DATA EXTRACTS START

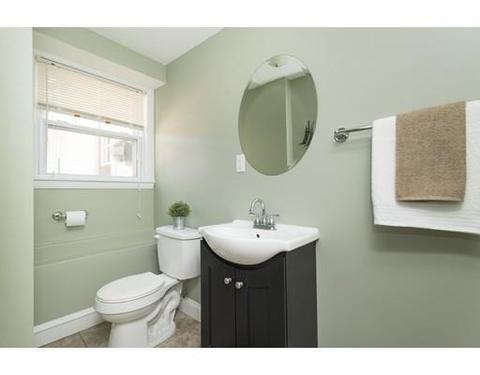 38 S Gate St, Dedham, MA 02026 photo 9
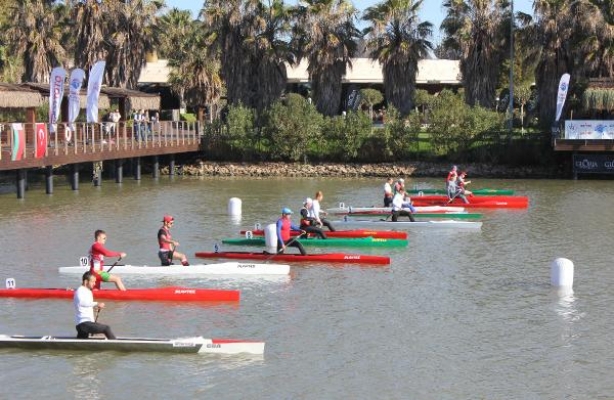 Antalya'da kano yarışları başladı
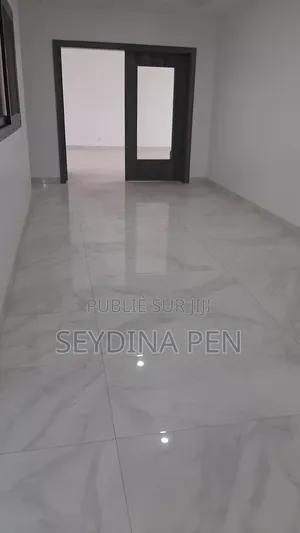 2chbre Appartement dans Hangar, Yoff à Louer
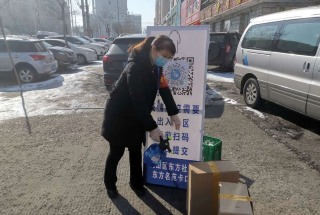 图为七矿公司铁选厂党员张玉莹冲在疫情防控的最前沿，，，，，，，深入社区担任党员志愿者。。。。。。。。（傅喜有摄）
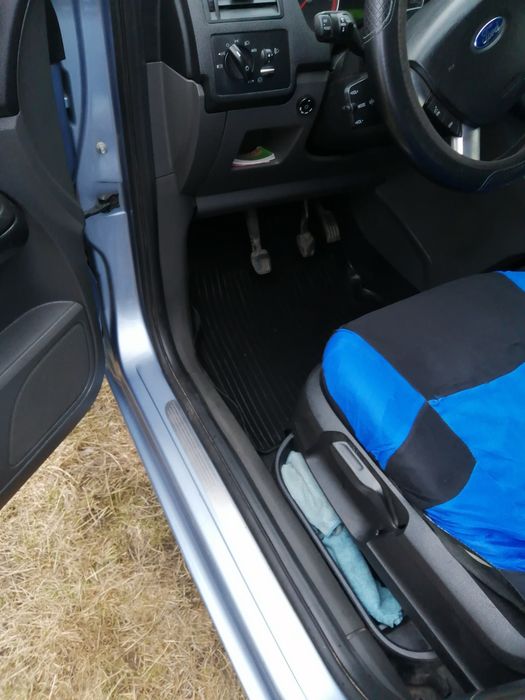 Хороший сімейний автомобіль 1 8 в доброму стані другий власник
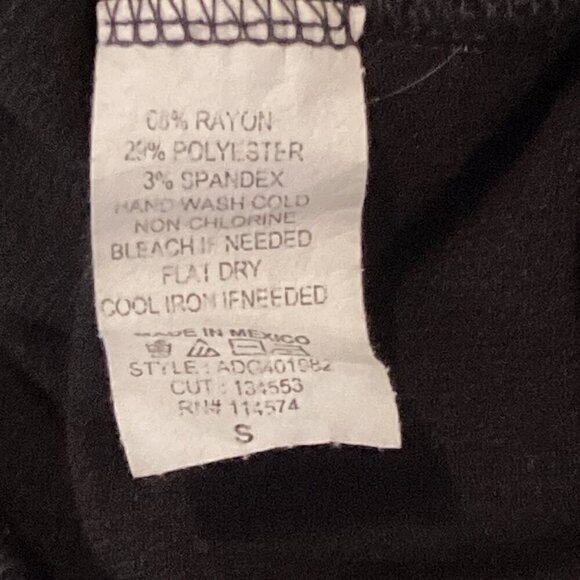 Pleione Short Sleeve V-Neck Bodysuit Top S Stretch Ribbed Knit Black 284G - Picture 8 of 8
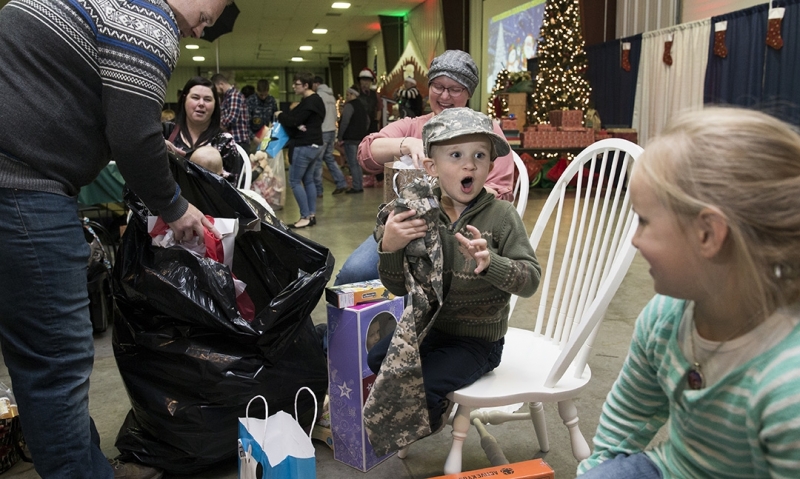 Indiana Blue Star Program to host fifth annual Spirit of Christmas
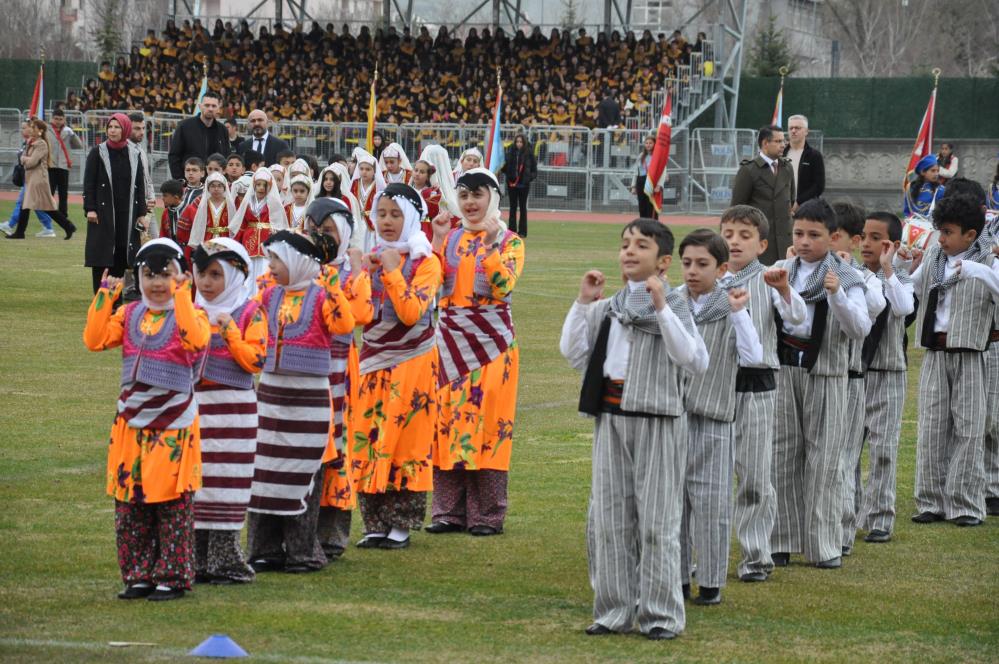 karsta-23-nisan-coskuyla-kutlandi-3.jpg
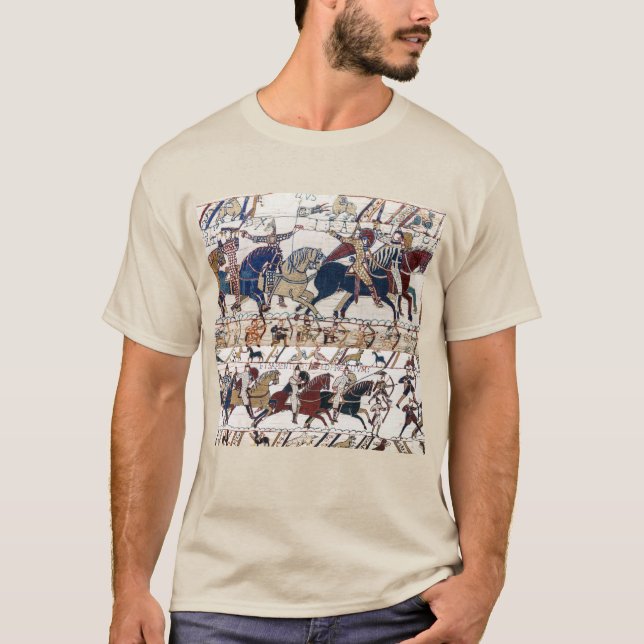 CAMISETA BAYEUX TAPESTRY 1066 CABALLEROS Y ARCHERS NORMANOS (Anverso)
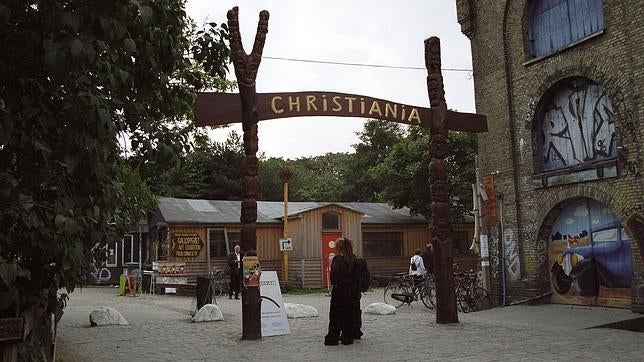 La entrada a la micronación está abierta a cualquiera que quiera pasar, sin controles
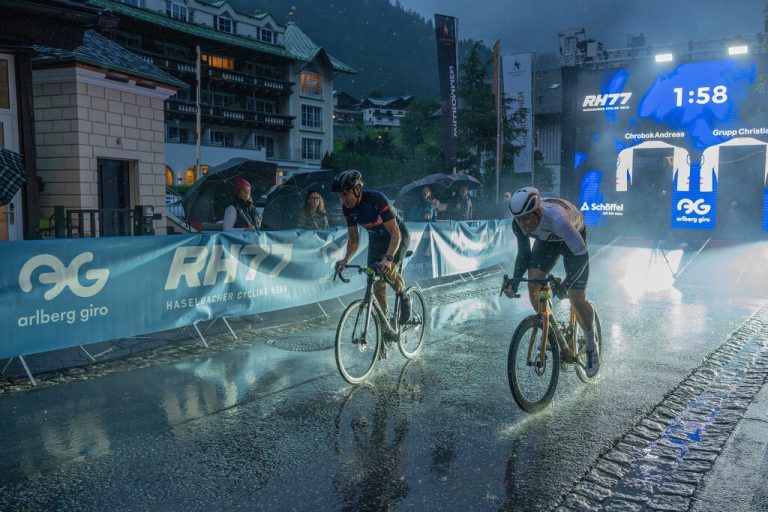 Der erstmals durchgeführte Night-Sprint am Freitag zog trotz Regen viele Zuschauer an.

DATA EXTRACTS END

* **WHAT TO DO**:
Pictures excluded, repeat the records exactly from their opening line through the line containing "Хороший сімейний автомобіль".

* **EXERCISE ANSWER**:
 38 S Gate St, Dedham, MA 02026 photo 9
 Antalya'da kano yarışları başladı
 2chbre Appartement dans Hangar, Yoff à Louer
 图为七矿公司铁选厂党员张玉莹冲在疫情防控的最前沿，，，，，，，深入社区担任党员志愿者。。。。。。。。（傅喜有摄）
 Хороший сімейний автомобіль 1 8 в доброму стані другий власник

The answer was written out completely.